Mathematician Blaise Pascal put it well when he said, “Our nature consists in motion; complete rest is death.” We use movement to distinguish the living from the dead, and we judge the liveliness of a town on the activity of its denizens. The horror genre relies on deathly silence to evoke a sense of the unnatural, and our very bodies rely on the constant flow of blood to keep functioning.
Not only is motion vital to life, it’s crucial to any medium attempting to emulate life. Movies are literally moving pictures, static images cycled through fast enough to fool our brains. Video games go even further, making motion the primary means of interaction. Movement in the real world translates to movement on-screen, inviting immersion in the illusion of a living world.
It is motion that so enthralled the first players of Spacewar and Pong. It is motion that drove the success of the side-scrolling platformer, the arcade racer, the 3D shooter. Speed, in particular, was important enough to form the basis of an entire character, and eventually a whole genre.
Modern games place an even greater emphasis on motion. Motion capture, motion controls, virtual reality; the more naturally a game moves, the easier it is to get sucked into its world. Even the gentle sway and fidgeting of an idle character enhances the sense that a world exists independent of the player.

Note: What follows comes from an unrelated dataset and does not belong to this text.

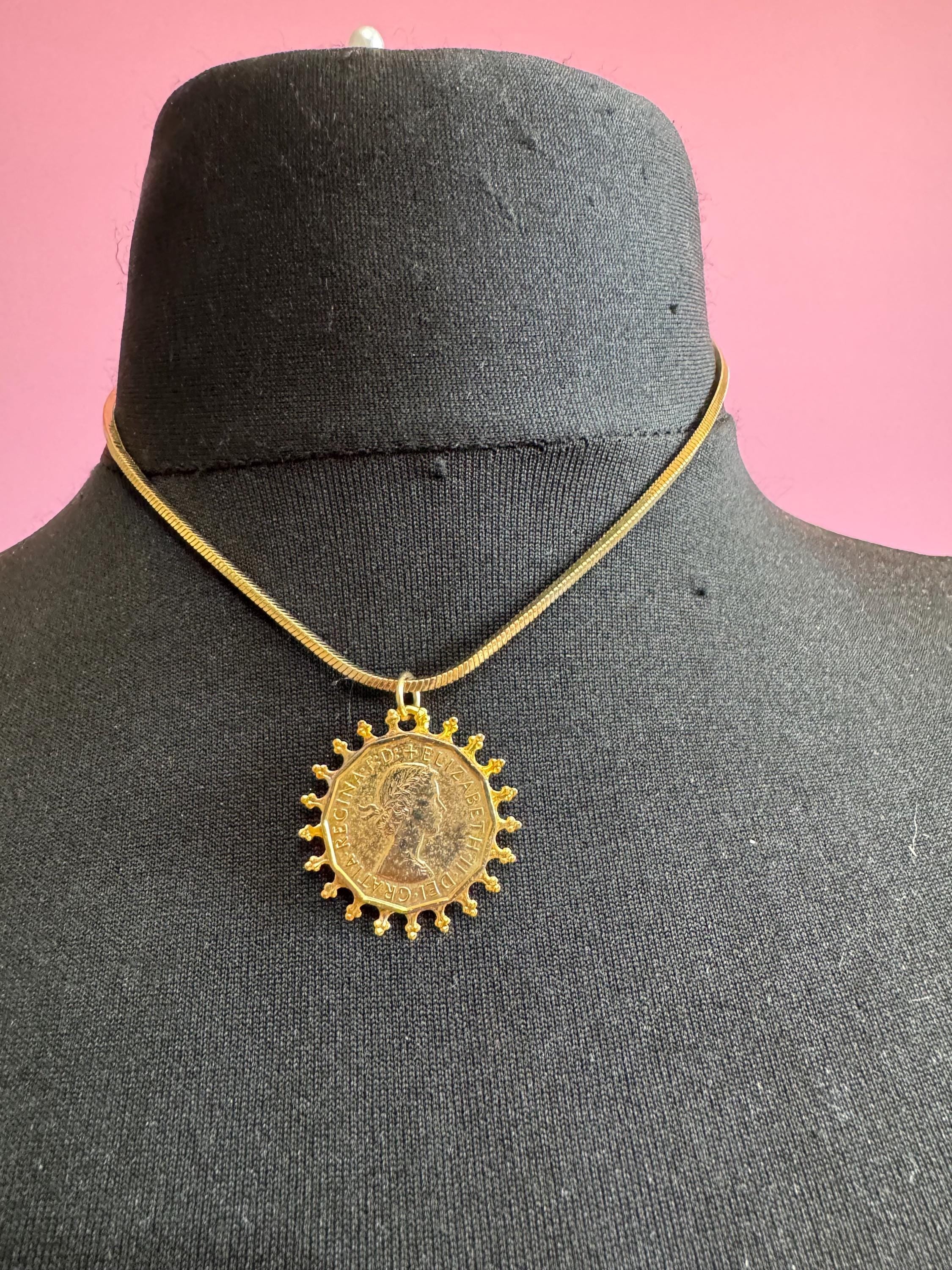 Vintage coin pendant necklace , gold tone circa 1970s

Consider Assassin’s Creed: Syndicate, the latest entry in the time-hopping AC franchise. Horse-drawn carriages clatter down the cobblestone streets of Victorian-era London, carrying sight-seers, smuggling cargo or starting fights between rival gangs that culminate in wild chase scenes on par with Hollywood’s finest. Players soar between rooftops using a Batman-inspired grappling hook, watching a bustling world unfold below them. And when it comes time to return to ground level, the streamlined parkour system introduced in AC: Unity preserves momentum. Movement has an organic flow that makes the player feel like a natural part of the world, rather than an artificial intruder.
Beneath this motion lies purpose. When we witness an effect, we look for its cause, ascribing reason to everything from why the sun rises to why we yawn. It doesn’t matter whether a deliberate motive actually exists; we crave any story that explains what we see.
AC: Syndicate leverages this story-telling tendencies to make its world seem bigger than it really is. Boats and barges chug down the river Thames, loaded with cargo purportedly destined for distant shores. Passenger ferries carry wealthy patrons between their places of business. Crowded train stations rumble with the sounds of tearful departures and joyous family reunions. A hundred different tales play out through the vehicle of public transport.
Motion is life. It is the difference between a traditional museum and an open-air historical park: both convey the same information, but only one truly captures the essence of another time.
In AC: Syndicate, London moves, and so it lives.